# First campervan about to be collected...



## milton (Jan 4, 2011)

Hello Wild Campers
We are due to collect our first van this week, a converted Vauxhall panel van.  After years of tents and an old caravan this should be luxury, even if it hasn't got all the possible refinements (yet!)
We are looking forward to camping without paying for facilities on sites that we will not use, such as nightclubs, playgrounds (kids now in their 20's and wouldn't want to come with us), and not having to park next to the 'family from hell' which seemed to be a feature of many sites.

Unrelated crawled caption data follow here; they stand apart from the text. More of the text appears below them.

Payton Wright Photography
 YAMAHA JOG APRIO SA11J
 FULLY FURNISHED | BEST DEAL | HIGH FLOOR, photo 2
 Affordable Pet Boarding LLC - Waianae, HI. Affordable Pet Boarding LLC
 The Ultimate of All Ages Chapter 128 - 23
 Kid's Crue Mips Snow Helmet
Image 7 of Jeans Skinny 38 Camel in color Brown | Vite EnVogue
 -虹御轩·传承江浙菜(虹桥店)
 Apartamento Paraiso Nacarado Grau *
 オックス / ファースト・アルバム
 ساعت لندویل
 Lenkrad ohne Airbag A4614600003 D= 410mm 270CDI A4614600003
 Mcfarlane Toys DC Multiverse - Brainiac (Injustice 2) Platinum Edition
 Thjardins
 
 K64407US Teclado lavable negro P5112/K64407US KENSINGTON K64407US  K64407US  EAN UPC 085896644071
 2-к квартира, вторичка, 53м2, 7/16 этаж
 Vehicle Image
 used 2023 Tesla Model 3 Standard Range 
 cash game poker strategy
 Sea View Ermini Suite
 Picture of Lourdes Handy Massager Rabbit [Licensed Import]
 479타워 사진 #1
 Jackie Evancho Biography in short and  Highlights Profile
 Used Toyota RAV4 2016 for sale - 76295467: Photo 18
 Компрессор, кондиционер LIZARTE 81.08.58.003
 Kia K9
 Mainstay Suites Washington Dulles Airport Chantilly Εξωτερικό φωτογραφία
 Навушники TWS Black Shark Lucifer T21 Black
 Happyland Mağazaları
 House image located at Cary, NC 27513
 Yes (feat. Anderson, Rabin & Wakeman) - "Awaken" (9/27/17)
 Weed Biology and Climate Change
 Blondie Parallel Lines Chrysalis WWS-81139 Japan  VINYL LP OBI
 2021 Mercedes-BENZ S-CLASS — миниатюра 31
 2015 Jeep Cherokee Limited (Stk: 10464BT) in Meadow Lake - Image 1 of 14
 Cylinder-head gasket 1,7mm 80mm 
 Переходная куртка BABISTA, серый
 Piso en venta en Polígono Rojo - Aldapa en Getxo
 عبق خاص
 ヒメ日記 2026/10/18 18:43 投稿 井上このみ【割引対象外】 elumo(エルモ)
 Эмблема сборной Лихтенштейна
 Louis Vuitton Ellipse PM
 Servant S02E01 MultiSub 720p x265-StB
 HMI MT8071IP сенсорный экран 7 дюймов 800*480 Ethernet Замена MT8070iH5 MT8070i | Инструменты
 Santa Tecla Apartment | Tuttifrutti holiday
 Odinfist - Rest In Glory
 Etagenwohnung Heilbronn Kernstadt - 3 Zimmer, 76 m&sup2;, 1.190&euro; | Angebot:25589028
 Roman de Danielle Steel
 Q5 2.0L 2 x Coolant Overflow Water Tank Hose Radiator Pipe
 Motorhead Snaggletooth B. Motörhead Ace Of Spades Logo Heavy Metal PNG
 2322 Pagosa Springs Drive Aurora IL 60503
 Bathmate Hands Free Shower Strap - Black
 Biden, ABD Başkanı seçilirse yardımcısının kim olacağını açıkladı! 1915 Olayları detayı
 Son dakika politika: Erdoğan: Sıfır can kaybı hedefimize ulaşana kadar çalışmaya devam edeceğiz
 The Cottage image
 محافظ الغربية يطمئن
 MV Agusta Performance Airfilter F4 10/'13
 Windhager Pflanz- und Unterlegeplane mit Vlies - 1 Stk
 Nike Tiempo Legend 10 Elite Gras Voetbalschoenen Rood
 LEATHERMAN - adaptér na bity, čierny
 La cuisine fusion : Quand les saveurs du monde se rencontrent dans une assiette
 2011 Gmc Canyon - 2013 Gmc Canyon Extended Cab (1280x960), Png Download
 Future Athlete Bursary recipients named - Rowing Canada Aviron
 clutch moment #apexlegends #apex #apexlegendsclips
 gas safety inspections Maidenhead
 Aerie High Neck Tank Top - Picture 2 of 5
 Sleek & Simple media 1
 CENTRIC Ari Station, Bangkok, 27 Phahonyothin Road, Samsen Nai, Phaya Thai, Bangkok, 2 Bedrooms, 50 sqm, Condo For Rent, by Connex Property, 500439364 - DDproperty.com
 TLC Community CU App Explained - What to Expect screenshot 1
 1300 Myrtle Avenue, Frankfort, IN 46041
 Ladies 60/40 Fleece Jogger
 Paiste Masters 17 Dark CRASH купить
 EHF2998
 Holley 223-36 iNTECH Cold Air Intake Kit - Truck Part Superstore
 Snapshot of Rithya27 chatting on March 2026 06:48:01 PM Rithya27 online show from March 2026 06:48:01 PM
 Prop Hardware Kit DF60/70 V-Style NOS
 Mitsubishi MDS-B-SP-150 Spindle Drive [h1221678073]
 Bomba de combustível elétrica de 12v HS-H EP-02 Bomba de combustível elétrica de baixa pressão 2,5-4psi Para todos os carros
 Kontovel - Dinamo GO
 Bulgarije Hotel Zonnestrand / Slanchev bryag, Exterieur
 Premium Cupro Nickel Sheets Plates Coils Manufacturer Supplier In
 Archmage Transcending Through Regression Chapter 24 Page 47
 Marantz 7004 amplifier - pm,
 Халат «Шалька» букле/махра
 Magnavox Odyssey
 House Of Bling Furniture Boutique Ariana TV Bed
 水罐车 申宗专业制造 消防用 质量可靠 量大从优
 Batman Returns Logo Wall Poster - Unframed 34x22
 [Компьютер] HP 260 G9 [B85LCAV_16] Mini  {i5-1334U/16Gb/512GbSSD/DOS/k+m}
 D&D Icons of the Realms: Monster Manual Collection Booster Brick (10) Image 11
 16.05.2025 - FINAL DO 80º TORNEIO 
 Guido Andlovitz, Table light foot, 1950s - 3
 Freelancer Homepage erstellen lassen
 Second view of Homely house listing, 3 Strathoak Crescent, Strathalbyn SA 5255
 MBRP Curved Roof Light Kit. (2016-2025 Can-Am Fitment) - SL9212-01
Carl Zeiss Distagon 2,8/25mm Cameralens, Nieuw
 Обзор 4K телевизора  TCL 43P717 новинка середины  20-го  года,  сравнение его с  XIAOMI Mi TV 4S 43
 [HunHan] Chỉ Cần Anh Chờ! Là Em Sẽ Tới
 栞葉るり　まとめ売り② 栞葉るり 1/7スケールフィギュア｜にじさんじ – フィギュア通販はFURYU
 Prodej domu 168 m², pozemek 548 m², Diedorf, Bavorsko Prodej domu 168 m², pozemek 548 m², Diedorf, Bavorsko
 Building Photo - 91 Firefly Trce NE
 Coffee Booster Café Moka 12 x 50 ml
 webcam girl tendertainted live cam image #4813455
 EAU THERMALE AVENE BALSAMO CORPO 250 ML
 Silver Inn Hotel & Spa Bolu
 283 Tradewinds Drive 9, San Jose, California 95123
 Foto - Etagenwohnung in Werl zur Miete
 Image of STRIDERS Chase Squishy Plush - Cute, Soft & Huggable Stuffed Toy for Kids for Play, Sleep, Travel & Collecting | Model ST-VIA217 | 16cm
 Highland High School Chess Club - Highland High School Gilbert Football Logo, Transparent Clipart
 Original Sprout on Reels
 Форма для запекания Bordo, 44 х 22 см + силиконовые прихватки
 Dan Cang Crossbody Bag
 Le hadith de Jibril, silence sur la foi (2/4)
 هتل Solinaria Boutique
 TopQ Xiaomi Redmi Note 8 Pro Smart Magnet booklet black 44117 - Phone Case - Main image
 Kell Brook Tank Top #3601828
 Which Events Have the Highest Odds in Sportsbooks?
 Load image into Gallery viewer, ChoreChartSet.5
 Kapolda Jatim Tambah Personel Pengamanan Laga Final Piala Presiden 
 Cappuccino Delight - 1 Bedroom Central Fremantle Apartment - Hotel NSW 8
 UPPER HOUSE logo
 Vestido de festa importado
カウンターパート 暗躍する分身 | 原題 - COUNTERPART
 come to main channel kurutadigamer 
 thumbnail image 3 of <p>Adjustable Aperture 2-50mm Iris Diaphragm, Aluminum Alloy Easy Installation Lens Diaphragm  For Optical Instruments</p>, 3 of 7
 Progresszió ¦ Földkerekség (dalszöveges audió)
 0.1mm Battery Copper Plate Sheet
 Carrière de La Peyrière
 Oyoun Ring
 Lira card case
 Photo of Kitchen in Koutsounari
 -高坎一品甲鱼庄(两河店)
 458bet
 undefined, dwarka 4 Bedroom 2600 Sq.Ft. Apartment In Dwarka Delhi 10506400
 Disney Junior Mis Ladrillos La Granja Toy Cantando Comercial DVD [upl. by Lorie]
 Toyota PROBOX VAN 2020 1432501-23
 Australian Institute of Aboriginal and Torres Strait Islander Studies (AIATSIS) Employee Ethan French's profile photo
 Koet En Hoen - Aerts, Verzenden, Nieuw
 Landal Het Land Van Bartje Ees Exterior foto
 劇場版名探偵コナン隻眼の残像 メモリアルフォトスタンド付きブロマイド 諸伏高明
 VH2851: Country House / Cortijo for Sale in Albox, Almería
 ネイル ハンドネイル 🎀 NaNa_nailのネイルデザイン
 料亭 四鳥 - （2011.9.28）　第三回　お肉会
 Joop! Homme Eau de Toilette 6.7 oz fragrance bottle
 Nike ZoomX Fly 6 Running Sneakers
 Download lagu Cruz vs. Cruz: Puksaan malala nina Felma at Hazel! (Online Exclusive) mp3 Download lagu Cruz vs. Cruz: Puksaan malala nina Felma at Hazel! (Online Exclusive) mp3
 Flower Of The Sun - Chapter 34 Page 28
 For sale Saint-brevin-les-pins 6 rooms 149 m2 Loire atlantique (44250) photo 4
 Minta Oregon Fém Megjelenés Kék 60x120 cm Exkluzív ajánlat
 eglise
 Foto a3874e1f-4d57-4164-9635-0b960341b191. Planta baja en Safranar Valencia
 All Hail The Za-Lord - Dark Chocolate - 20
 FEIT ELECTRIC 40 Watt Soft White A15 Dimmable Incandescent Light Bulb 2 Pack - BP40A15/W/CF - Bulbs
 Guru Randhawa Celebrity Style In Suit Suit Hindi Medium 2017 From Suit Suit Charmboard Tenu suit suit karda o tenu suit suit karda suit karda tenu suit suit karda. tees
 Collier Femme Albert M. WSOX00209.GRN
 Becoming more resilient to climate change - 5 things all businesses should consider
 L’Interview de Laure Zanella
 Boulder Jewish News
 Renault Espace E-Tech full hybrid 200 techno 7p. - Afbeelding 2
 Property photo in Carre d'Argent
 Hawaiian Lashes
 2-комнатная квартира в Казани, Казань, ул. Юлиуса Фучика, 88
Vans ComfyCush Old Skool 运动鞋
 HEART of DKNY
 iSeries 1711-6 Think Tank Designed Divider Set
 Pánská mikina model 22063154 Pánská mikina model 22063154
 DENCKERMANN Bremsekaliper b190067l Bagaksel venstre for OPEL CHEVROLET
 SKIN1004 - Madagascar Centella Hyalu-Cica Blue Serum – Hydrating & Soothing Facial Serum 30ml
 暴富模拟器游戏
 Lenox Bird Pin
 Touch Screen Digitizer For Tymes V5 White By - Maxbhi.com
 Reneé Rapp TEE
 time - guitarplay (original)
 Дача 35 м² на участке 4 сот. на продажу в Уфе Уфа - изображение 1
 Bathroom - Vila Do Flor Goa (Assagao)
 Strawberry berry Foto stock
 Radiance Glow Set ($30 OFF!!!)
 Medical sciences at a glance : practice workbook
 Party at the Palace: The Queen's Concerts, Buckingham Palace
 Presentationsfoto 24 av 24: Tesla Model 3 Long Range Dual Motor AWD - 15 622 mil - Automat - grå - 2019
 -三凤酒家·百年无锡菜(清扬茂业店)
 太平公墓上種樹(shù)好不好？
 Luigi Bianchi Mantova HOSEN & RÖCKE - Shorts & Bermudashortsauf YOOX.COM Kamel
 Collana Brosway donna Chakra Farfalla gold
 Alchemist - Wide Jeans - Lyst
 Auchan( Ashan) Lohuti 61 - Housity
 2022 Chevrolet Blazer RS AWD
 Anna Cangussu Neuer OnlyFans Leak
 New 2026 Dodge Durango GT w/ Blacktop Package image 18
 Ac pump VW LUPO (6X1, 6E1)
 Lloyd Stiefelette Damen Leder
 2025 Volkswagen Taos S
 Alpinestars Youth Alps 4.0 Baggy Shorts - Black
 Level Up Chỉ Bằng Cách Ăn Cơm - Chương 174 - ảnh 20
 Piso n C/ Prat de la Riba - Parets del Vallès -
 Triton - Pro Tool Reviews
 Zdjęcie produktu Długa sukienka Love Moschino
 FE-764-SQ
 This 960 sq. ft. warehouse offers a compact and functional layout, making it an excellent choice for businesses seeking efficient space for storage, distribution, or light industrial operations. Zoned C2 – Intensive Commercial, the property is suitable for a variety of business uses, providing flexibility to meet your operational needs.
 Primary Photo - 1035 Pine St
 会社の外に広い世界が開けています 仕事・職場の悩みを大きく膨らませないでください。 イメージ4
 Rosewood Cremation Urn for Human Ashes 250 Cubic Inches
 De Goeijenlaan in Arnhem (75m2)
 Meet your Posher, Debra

I'm sure we will be calling on your experience for finding suitable spots, in the UK and eventually Europe we hope.  

Cheers
Milton's Crew


----------



## Tbear (Jan 4, 2011)

Hi miltons Crew

Wellcome to the site.

I did the same thing as you for the same reasons two years ago and it is one of the best things I ever did.

Richard


----------



## milton (Jan 4, 2011)

Great, I can see there must be like-minded people here! I have wanted a camper van since childhood.  I am told my parents had one but I don't remember it - that must have been a very early model - so maybe it is in the blood.


----------



## Guernsey Donkey (Jan 10, 2011)

Hi miltons Crew and welcome to the site, hope you enjoy, if you become a member you can have access to all the POI listed for wild camping - the site is well worth the few pennies it costs to join.

Travel safe


----------



## milton (Jan 25, 2011)

I have just joined - seemed like a good idea to make use of all the knowledge that appears to be stored on this site.

Miltons Crew


----------